One fine day in the spring of 1997-8 or so, I was hiking out of Trough Springs Canyon. I had made the trip to the creek in the bottom, taken my weekly shower in the rarity of flowing water in the otherwise dry desert, and was walking up the thousand feet of elevation gain to my truck back at the trailhead. The past week or two had been spent in solitary retreat, fasting and reading, sitting in the desert’s immense silence. The exercise of hiking provided a break in the routine; I was in good spirits as I trudged up the narrow canyon through the large rocks.
The end of the ridge I would soon be walking on came into view above and to my left.

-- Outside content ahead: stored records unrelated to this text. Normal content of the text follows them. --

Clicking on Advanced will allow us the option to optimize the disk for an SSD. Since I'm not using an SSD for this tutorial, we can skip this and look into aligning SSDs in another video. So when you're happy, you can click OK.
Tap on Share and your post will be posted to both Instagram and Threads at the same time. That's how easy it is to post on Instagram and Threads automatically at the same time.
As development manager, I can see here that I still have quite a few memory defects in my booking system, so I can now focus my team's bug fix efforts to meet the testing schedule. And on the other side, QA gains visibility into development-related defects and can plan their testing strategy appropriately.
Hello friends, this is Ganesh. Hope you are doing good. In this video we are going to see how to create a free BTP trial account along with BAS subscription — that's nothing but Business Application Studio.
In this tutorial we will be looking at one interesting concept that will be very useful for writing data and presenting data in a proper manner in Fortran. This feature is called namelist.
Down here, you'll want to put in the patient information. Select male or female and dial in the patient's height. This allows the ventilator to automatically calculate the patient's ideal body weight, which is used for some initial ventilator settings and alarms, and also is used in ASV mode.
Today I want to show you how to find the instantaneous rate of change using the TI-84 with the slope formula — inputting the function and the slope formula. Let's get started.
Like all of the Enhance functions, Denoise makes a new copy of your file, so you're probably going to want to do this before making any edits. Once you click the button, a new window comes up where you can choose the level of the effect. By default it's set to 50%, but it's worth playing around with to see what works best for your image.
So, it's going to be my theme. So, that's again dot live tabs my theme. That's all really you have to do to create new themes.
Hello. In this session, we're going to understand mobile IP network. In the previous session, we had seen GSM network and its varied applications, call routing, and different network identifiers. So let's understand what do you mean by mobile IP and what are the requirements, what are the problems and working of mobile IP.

From the perspective of being down below the sheer cliffs it took on the appearance of a peak, a glimmering tower of red sandstone set against a stark blue desert sky. I couldn’t stop looking up at it; it began to capture my attention in a strange way. After a few glances, I stopped at a switchback and turned towards it, and was hit with a beauty I have rarely seen. The peak hadn’t changed, but in that instant something in me was open and unguarded, and I couldn’t turn my head from the view. I gazed in awe at the rock, and could not believe it to be so maddeningly beautiful.

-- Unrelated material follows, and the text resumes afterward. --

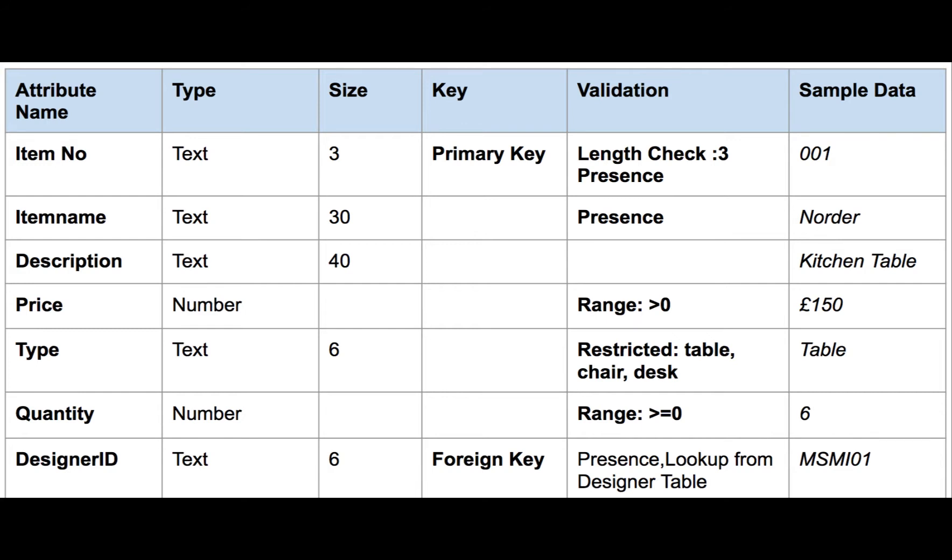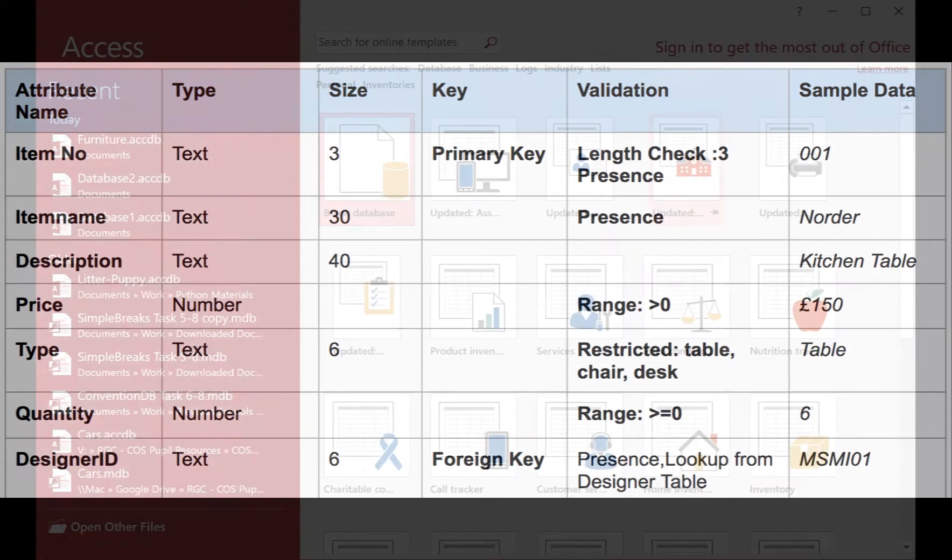Price will have a range check of being greater than zero. Type will have a restricted choice which will be either table, chair, or desk. And the quantity we have in stock will be greater than or equal to zero. For the designer ID we'll do a presence check and we'll also do a lookup from the designer table to ensure that it is in the other table.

The view had somehow opened me up. I don’t want to sound too poetic, or grandiose, but that’s what happened. My heart began to ache, both figuratively and physically. My chest was in agony, and I thought of William Blake’s words, “…portions of eternity too great for the eye of man.” I could not hold the beauty, it was too much for my heart to bear. So it broke.
I do not wish you to think I’m exaggerating. It happened so fast and unannounced that I had no time to stop it, something I probably would have done if I could have. But the process had begun, and all I could do was drop to my knees on the rocky trail and weep. I had wept tears before: when my father died and I realized what his life had been like, for him. And when my dreams of the secluded life on the Zen Master’s ashram had been dashed from a good dose of reality. But this time it was somehow different. I was not weeping for the loss of something, or from the shock of hitherto unseen truths; I was simply allowing the beauty of my own true existence, reflected in the desert peak, to become apparent and real. I could now accept it, even though my mind could not believe it.

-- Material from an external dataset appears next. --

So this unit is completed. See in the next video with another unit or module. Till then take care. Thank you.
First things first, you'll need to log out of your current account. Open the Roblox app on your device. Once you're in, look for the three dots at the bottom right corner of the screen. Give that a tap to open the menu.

My heart had been opened, and in an unselfish manner. There was no loss of a loved one, or dashed hopes, but simply the seeing of things objectively, letting the beauty come through before it could be washed clean of its power by the reasoning mind. It flowed through unhindered, unabashed, and unexpected. I no longer had a need to filter perception; to keep my heart safe and secluded from its own treasures. I began to weep not only for the impossible view before me, but at my own heart’s opening. It was free, free of the tight bonds of reason and practicality. Free of the ‘shoulds’, the rules, the restraints. Not free to ‘do what it wants’, to indulge in the childish fantasies of teenage youth, but free to simply be, without correction.
Every time I hike that trail I try to capture with my camera the beauty of what I’ve come to call Heartbreak Peak. The photographs are pale copies, some better, some worse, but the view itself is still astounding. What hits me when I now re-visit that lonely canyon isn’t as much memory, but gratitude. Gratitude that something opened a crack in my heart to let in Grace and Love. That spontaneous breaking of the prison wall that was keeping me locked up as well as secure, allowed the higher part of me to make contact. It forged a connection from the low to the high, from the mundane to the eternal. I can now walk that trail, I try to visit it every year or two, and sing praises to my Self. I was rescued and delivered from the ‘secure’ unconsciousness of a buried heart, to blindingly clear Light and Love.
Now that I’ve had a few years to dwell on the above event, it’s become clearer to me what happened, and why it’s so important for anyone on the spiritual path. My Zen teacher used to take those who could make the trip, to the east coast seashore in hopes of catching that Beauty through a sunrise over the ocean. He had seen before what an effect this could have on the heart, if the person was ready. Maurice Nicoll wrote of Beauty and the Puer Aeternus, how the eternal child is our intermediary between the mundane and the divine, and how Beauty can be a door through which we allow the divine to make contact. Before the above event, the trip to the seashore and the words of the wise were only theories with which I had no real relationship.
If you have the chance to allow Beauty to break you, whether through a sunset, the eyes of a child, or a desert peak, don’t fear. It may seem you’re losing control and it’s too much to bear, and it is. But don’t be afraid, for if you follow Beauty and Love within to your own heart, the Infinite may become your Home.